■ TASK REQUIREMENTS ■
Pictures do not belong in the copy. Return all of the entries exactly.
Top of THE DATA
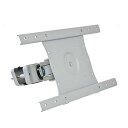 サンコー 大型モニター用2軸式アームポールマウント(VESA400x200対応) MARM126CS(代引不可)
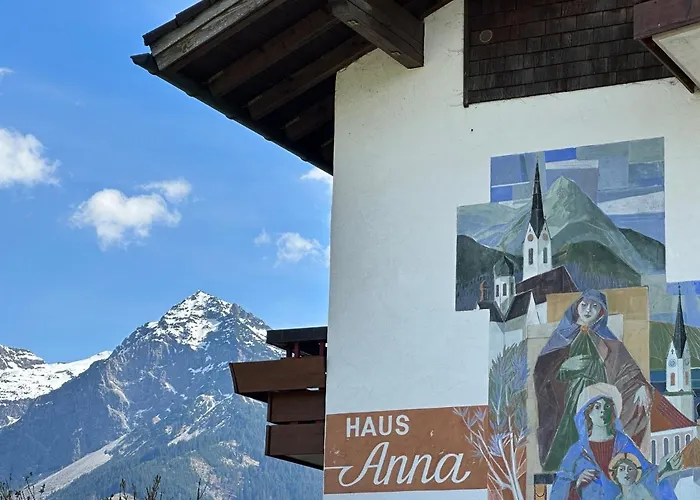 Haus Anna * Fischen im Allgaeu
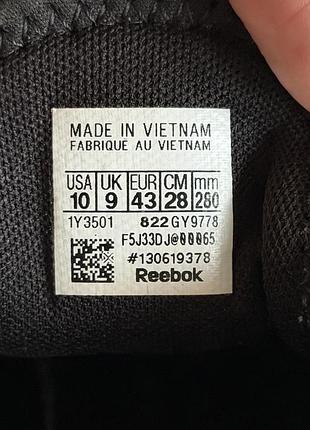 Кросівки reebok оригінал 2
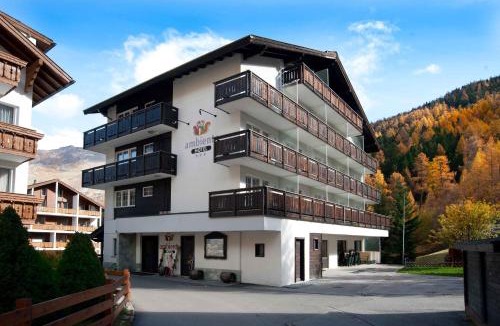 Saas-Fee Hotel | Hotel Ambiente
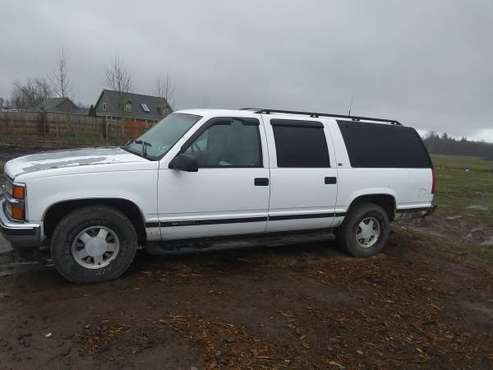 1997 chevy suburban for sale in Bellingham, WA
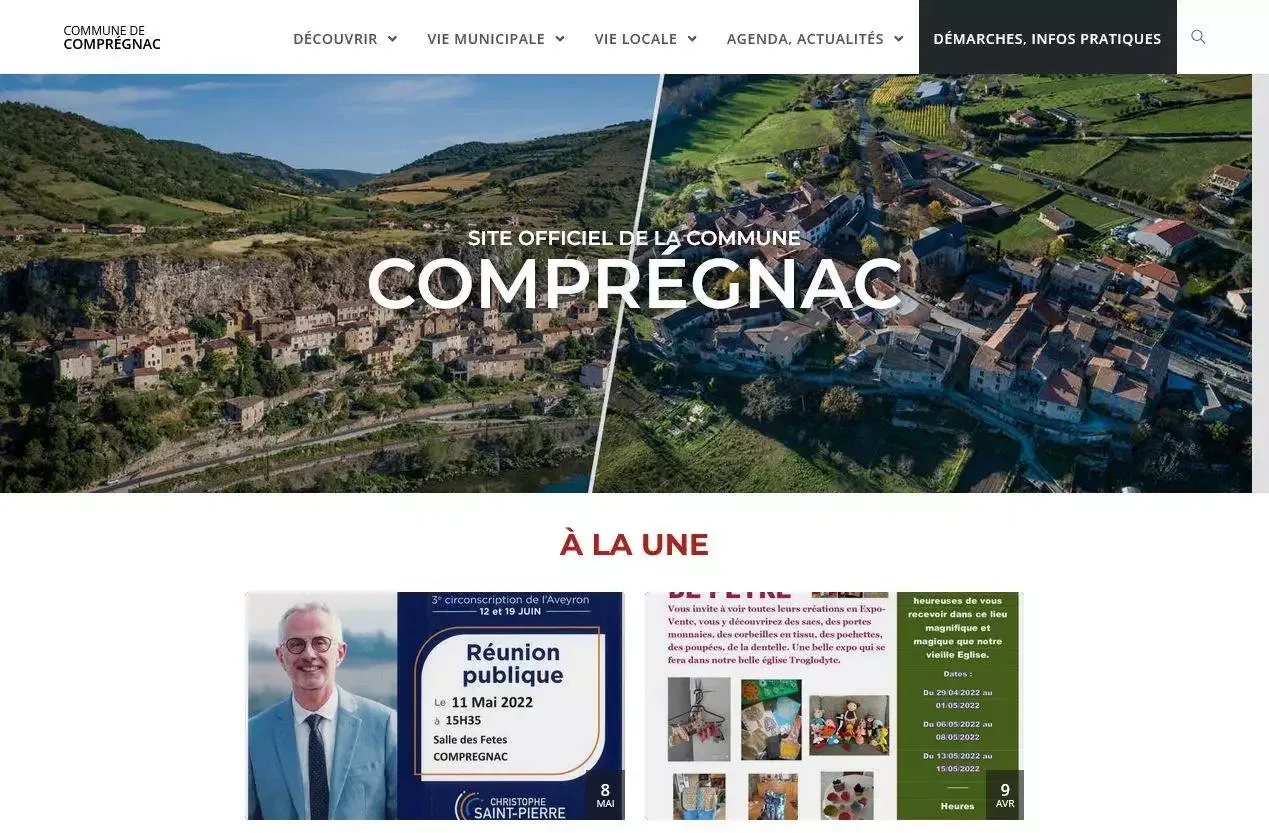 Comprégnac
Bottom of THE DATA
■ TASK SOLUTION ■
 サンコー 大型モニター用2軸式アームポールマウント(VESA400x200対応) MARM126CS(代引不可)
 Haus Anna * Fischen im Allgaeu
 Кросівки reebok оригінал 2
 Saas-Fee Hotel | Hotel Ambiente
 1997 chevy suburban for sale in Bellingham, WA
 Comprégnac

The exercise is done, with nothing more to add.